Would you reproduce each line below exactly, leaving every picture out?

● **SOURCE DATA**:
= = = = =

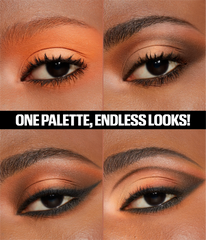 Matte Obsessions Eyeshadow Palette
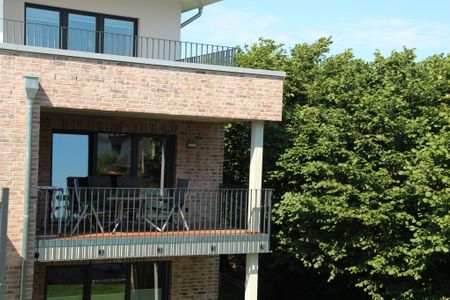  2304 - Ferienwohnung Deichblick Dahme - 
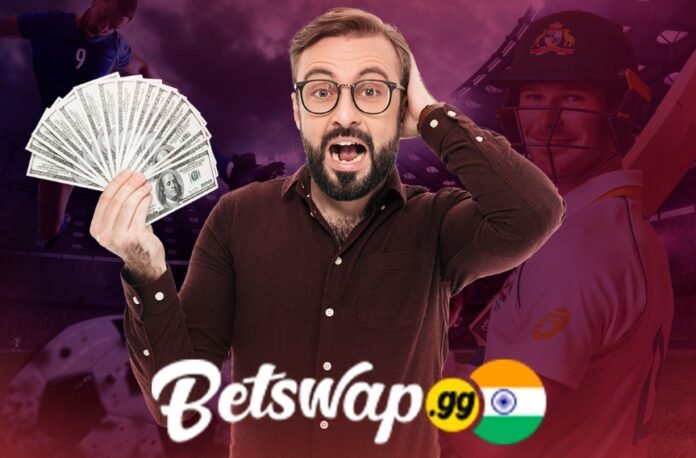Betswap — Betting on Cricket, Football and Other Sports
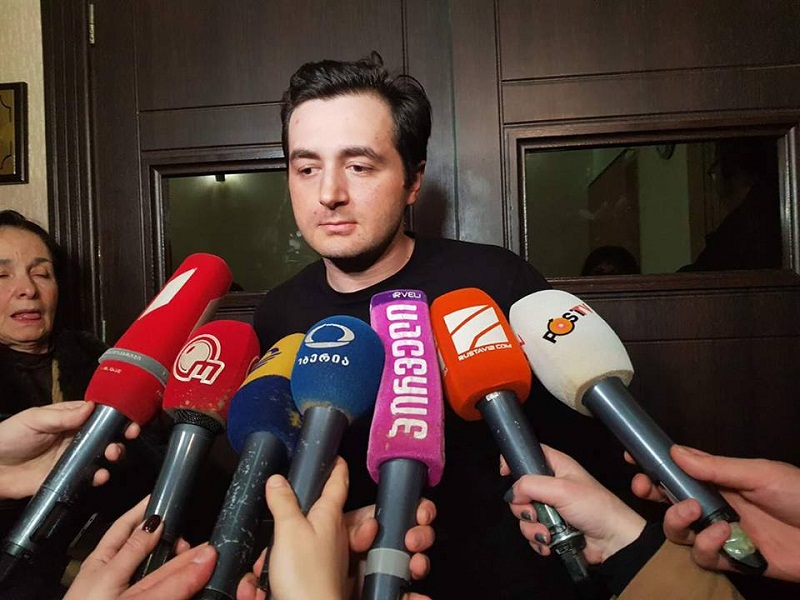 ოთარ აბესაძის პროცესი საქალაქო სასამართლოში დღეს გაიმართება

= = = = =

● **REPLY**:
 Matte Obsessions Eyeshadow Palette
  2304 - Ferienwohnung Deichblick Dahme - 
Betswap — Betting on Cricket, Football and Other Sports
 ოთარ აბესაძის პროცესი საქალაქო სასამართლოში დღეს გაიმართება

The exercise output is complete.